Werden Sie im Bundesrat die Untersuchung der AfD durch das BVerfG fordern?

Sicherlich haben Sie von der Petition zum "AfD-Verbot" schon gehört und die ganzen Gründe, aus denen die AfD sich weitreichender verfassungswidriger Einstellungen verdächtig macht, brauche ich gar nicht zu wiederholen. Auf eine gerichtliche Untersuchung aber zu verzichten oder diese zu verzögern, um die AfD nicht in ihrer "Opferrolle" zu bestärken, wäre kontraproduktiv und gefährlich. Das Institut für Menschenrechte hat in seiner Analyse kürzlich festgestellt, dass die juristischen Voraussetzungen für ein Verbot bereits erfüllt sind. Das jüngste Geheimtreffen von AfD-Funktionären in Potsdam zur Massenausweisung von Menschen mit Migrationshintergrund bestätigt dies nur erneut.

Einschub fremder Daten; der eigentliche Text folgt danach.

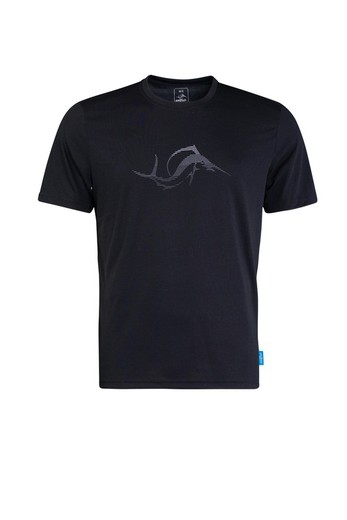 sailfish hombre T-Shirt Fish antracita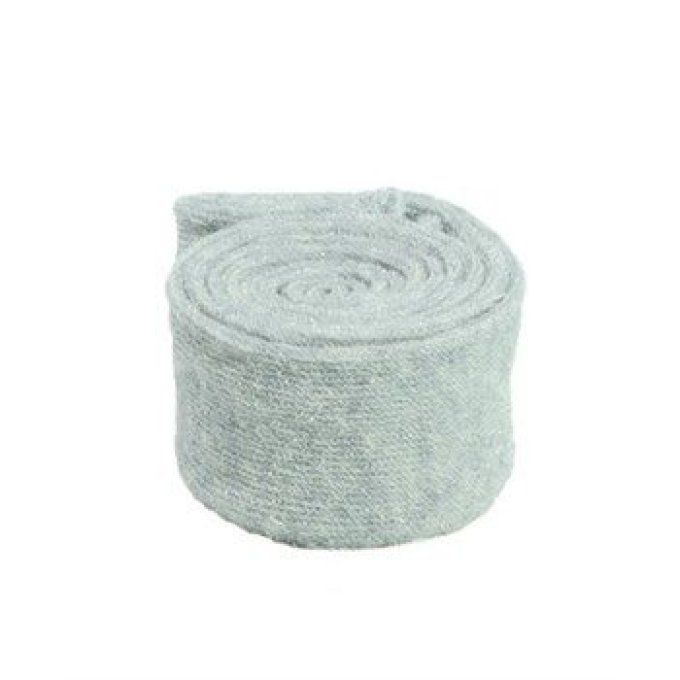 Mini tubulaire Lurex Gris et Argent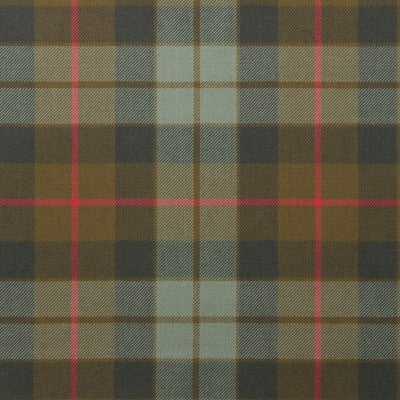 Lightweight Tartan by the meter  G-L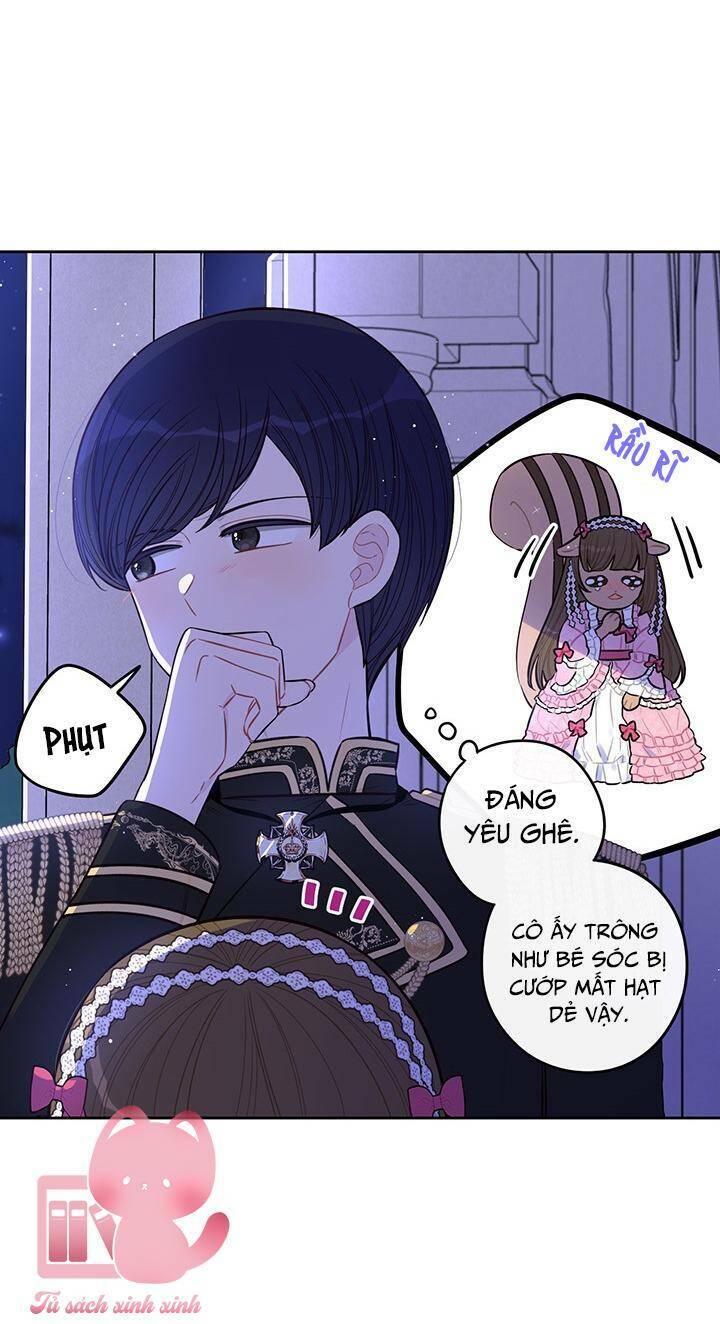 Hoàng Nữ Tóc Đen - Chap 65 - Trang 5
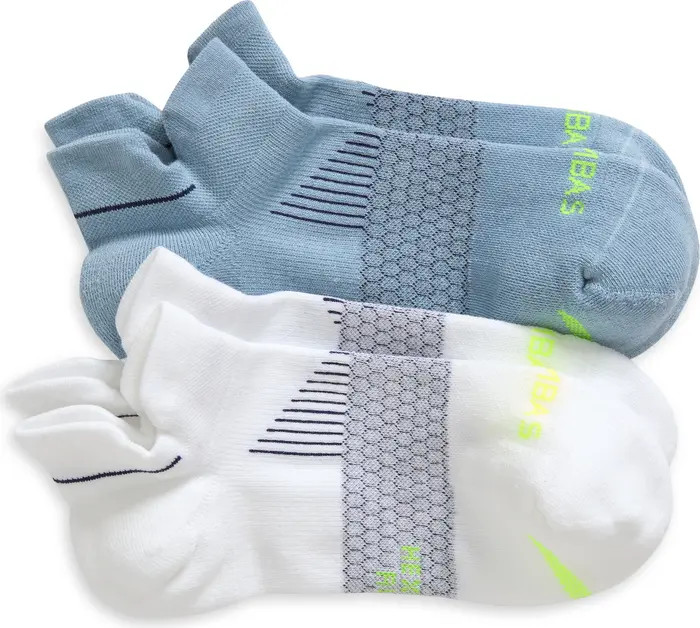 Bombas Running Assorted 2-Pack Ankle Socks | Nordstrom | Nordstrom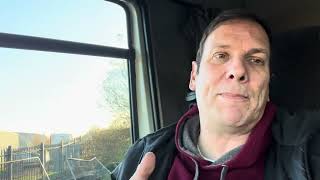 What happens on the HGV part 3B Driving Test  HGV Licence Preston [upl. by Rhianon910]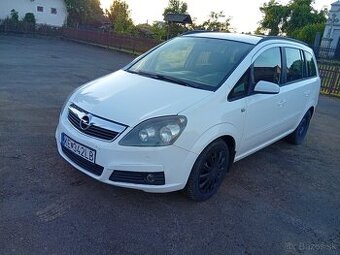 Opel Zafira B 1.9 CDTI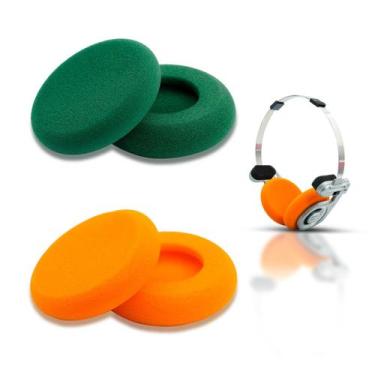 Imagem de Almofadas de reposição para fones de ouvido Koss Portapro - G GVOEARS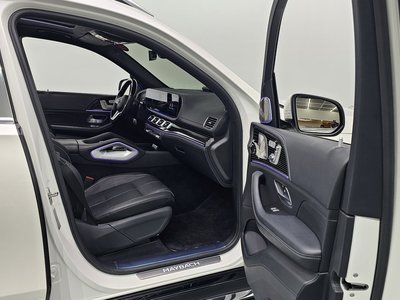 MERCEDES-BENZ GLS - 10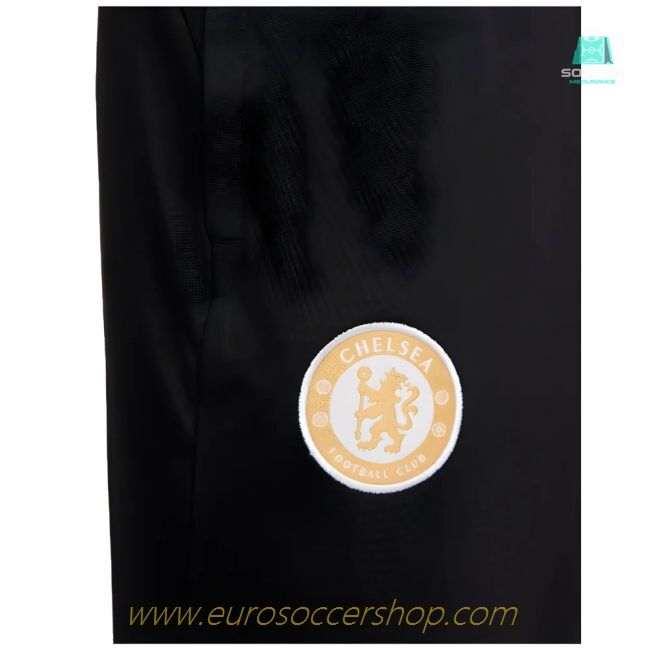 2023-2024 Chelsea Dri-FIT Tracksuit Bottoms (Pitch Blue)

Werden Sie als Mitglied des Bundesrats einen entsprechenden Antrag beim BVerfG vorantreiben, um die Verfassungstreue der AfD untersuchen zu lassen? Falls ja, ergreifen Sie dafür auch persönlich die Initiative? Falls nein, was muss Ihrer Meinung nach noch passieren, bis dieser Schritt gegangen werden kann?

Angela Dorn-Rancke
Antwort von
Bündnis 90/Die Grünen

Sehr geehrter Herr T.,

vielen Dank, dass Sie mich bezüglich dieser Thematik ansprechen. Ihre Frage beschäftigt uns GRÜNE im Hessischen Landtag natürlich ebenfalls. Sehr gerne möchte ich deshalb darauf eingehen.

Die AfD wurde nicht ohne Grund vom Verfassungsschutz als sogenannter Verdachtsfall eingestuft und ihre Aktivitäten werden vom Verfassungsschutz beobachtet. Auf dieser Basis kann dann entschieden werden, ob die Voraussetzungen dafür vorliegen, ein erfolgreiches Parteiverbotsverfahren vor dem Bundesverfassungsgericht anzustrengen. Ein Parteiverbotsverfahren ist allerdings, wie Sie wissen, in einer Demokratie das letzte Mittel, und die Hürden für ein Parteiverbot sind deshalb entsprechend hoch. Es müsste nachgewiesen werden, dass die Partei planvoll das Funktionieren der freiheitlich demokratischen Grundordnung beseitigen will, also aktiv gegen den Staat vorgeht. Und dann müssen konkrete Anhaltspunkte vorliegen, dass das Handeln der Partei erfolgreich sein kann. Ein gescheiterter Antrag auf ein Parteiverbot wäre Wasser auf die Mühlen der AfD. Daher will dieser Schritt sehr gut überlegt werden. Gerade weil die AfD gerade in demokratischen Wahlen eine starke Zustimmung erhält, könnte es so wirken als würde man einen starken „Mitbewerber“ einfach per Verbot aus dem Wettbewerb kicken würde. Das würde viele AfD-Anhänger möglicherweise erst recht zu Trotzreaktion oder einer Märtyrerrolle inspirieren. Aus meiner Sicht ist es auch wichtig, dass wir hier die juristische Seite und die politische Seite gut trennen. Der Antrag kann über Bundestag, Bundesrat oder die Bundesregierung gestellt werden, aber entscheiden kann dann nur das Bundesverfassungsgericht.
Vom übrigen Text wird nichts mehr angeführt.